We Modern Art prophets were right! Darren Donoghue, the tousle-haired Mancunian enfant terrible, has rescued the Prize from the fusty preserve of pickled Mammalia and potted gender-bending. ‘What Tracey Done’, a child’s art-kit reworking (by an imaginary four-year-old stepdaughter) of Constable’s ‘Hay Wain’, extracts gritty Northern pith from subtopian Home Counties pieties. It is dazzlingly liminal, transgressing conceptual–figurative–Stuckist boundaries; boiled-sweet daubs inducing a Heimlich manoeuvre of the soul (and body); landscape-by-numbers initiating an aesthetic ground zero; a Fukayaman (or Gallagheresque) finger pointed at the question ‘Whither Art Criticism?’ An echt-Proletarian traceable back to the Engelian patriarchs, Donoghue has found a post-Marxist way to épater les bourgeois and écraser les riches. Stiff competition from a neon-lit zen bus-shelter, llama-dung Mother Teresa and Tantric nipple-piercing video notwithstanding, his painting carries, for corporate collectors, an eye-watering price tag and will send him crying all the way to a Manhattan penthouse.
Simon Machin
In that archetypal Bildungsroman Heinrich von Ofterdingen, Novalis’s eponymous hero finally reaches his journey’s transfiguring goal only to learn that he has returned to the place from which he set out. An identical paradox has reduced Katzenjammer’s critics to floundering bafflement. ‘Mother in a Rocking Chair’, formally reminiscent as it is of Whistler’s ‘Arrangement’, is at first sight the antithesis of Katzenjammer’s previous work. It has been variously described as a ‘meditation on a portrait’, a ‘representation of a portrait’, an ‘antiportrait’— even simply as a ‘portrait’. This reflects a level of critical naiveté with which it is hard to sympathise. ‘Mother’ is none of these things and it is all of them: it is conceptual, metaconceptual, postmetaconceptual, preconceptual and aconceptual. With superb panache and magnificently timed irony, Katzenjammer has flung his own pot of paint into the public’s face, taken art by the hand, and brought it, finally, full circle.
Harriet C. Walter
Hermann Utik created the first fine-art controversy of the decade when his legendary installation ‘The Price Of Fame’ consisted only of his amputated right arm — in a playfully ironic glass case. A nuanced rebuke to the art establishment as well as an eloquent and bold denial that the conceptual artist is a manual worker, it was lengthily anathematised by Brian Sewell and mocked by the philistine tabloids. Now, propelled by boundlessly expanding ideas, Utik has entered a new creative phase with ‘Up Yours’, a ten-foot-high replica of a GP’s prostate board. The three gristly protuberances — pristine, aged, diseased in the mundane original — equally invoke Christ with the two thieves on Calvary and Freud’s secular trinity of Id, Ego, Superego. Spanning science and religion, myth and medicine, pathology and metaphysics, Utik’s art proceeds with a growing maturity to shatter icons and open doors for the inquiring contemporary mind.
Basil Ransome-Davies
Artistically, so much is vieux jeu.

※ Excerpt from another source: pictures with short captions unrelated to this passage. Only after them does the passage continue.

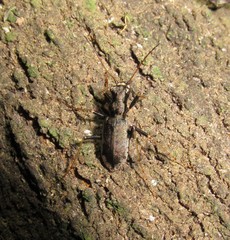 Neocicindela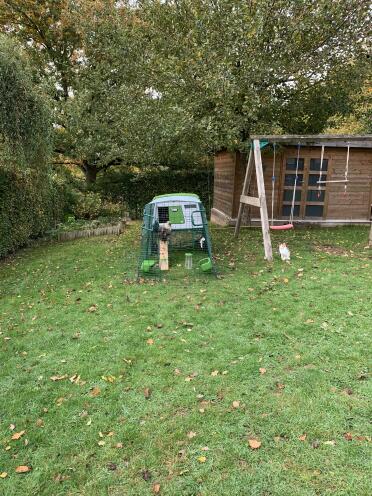 The Eglu Cube chicken coop looks great in your garden.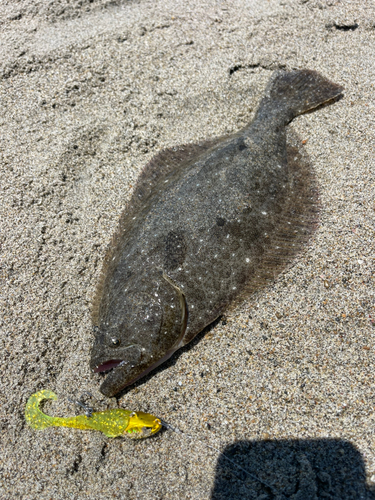 ソゲの釣果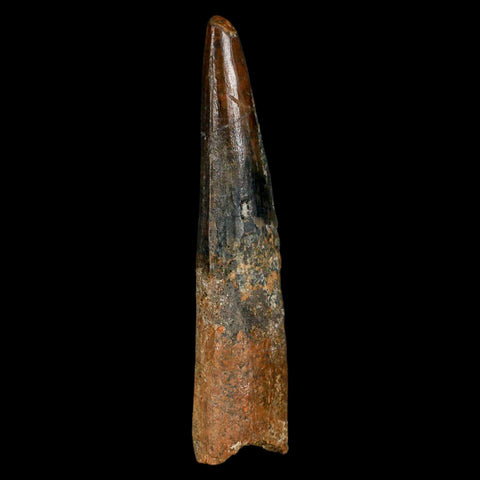 XL 3.3" Spinosaurus Fossil Tooth 100 Million Years Old Cretaceous Dinosaur COA - Fossil Age Minerals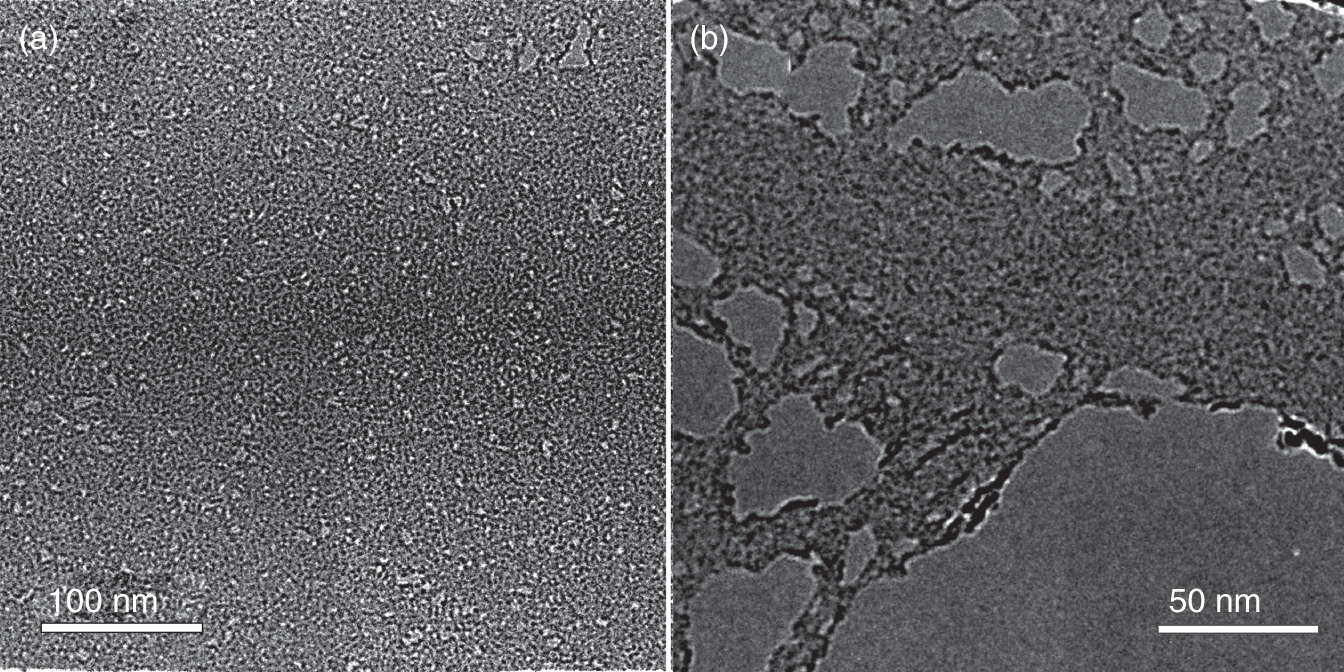 Photos depict the transmission electron microscopy images of the (a) carbonylated graphene and (b) carboxylated graphene.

We have had rooms with beds and rooms with nothing, but here, from Roland Transom, is a room barred altogether. Up to this point of time, all art has been achievable, accessible. Now, at last, we have the concept of Art that is Not For Us. Odi profanum vulgus, et arceo, says Horace, but makes us free of his Odes. Noli tangere, says Transom, and is as good as his word. It is for us to imagine what lies behind that locked door. I imagine it obstructed by a mahogany escritoire, while in the centre of the room stands, perhaps, one simple white wooden chair. Oh, the emotion of that imaginary chair! Not since the Ark of the Covenant, perhaps, has that been successfully presented.
Paul Griffin
Pushing the epistemological parameters of art as a construct of reality even further than Magritte’s celebrated conceptual ne-pas-pipe or indeed Schrödinger’s Gedanken-cat, the interactive participation required for the appreciation of the Turner Prize entry ‘Napoleon’s Fart’, which demands of the viewer that they should precisely not open the apparently empty transparent box, thus permitting the reconstructed but at the same time inevitably impossible olfactory sensation to escape and so destroy itself, tests the very nature of testing itself to the limit. The standard gallery injunction not to touch (or experience through any other sensory manner) here becomes part of the creative moment. Cognoscenti will recognise this installation (the artist prefers ‘exhalation’) as the culmination of a developmental sequence which began with the lead-box presentation ‘Charlemagne’s Fart’ and ‘Queen Victoria’s Fart’, which required a whole (sealed) room. This is indeed art which sublimely merges conception and reception.
Brian Murdoch
Brett Callaghan’s ‘Failed Comps’ is a visual configuration of defeated creativity, a collage of inspired but unprized work. These six rectangular pages submitted to someone called Lucy represent a symphony of disappointment, a typographical hymn of imaginative effort filtered through the bathetic conduit of the email. The visual geometry is simple: a hybrid of poetry, prose and amusing one-liners compressed into a thin stack. Failure is the recurrent theme. The ‘losing’ entries (alas we cannot fail to notice the exit sign over the gallery door) are laid alongside the actual winners, scissored violently from the magazine, like fish — gutted and rejected — on a rainswept quayside. There is a strong sense of viewing the world though words. Is the artist hinting that the awarding of prizes is unworthy of true art?
John O’Byrne
Competition No. 2519: Short story
You are invited to submit a short story with the title ‘A Song from under the Floorboards’ (maximum 150 words). Entries to ‘Competition 2519’ by 1 November or email lucy@spectator.co.uk.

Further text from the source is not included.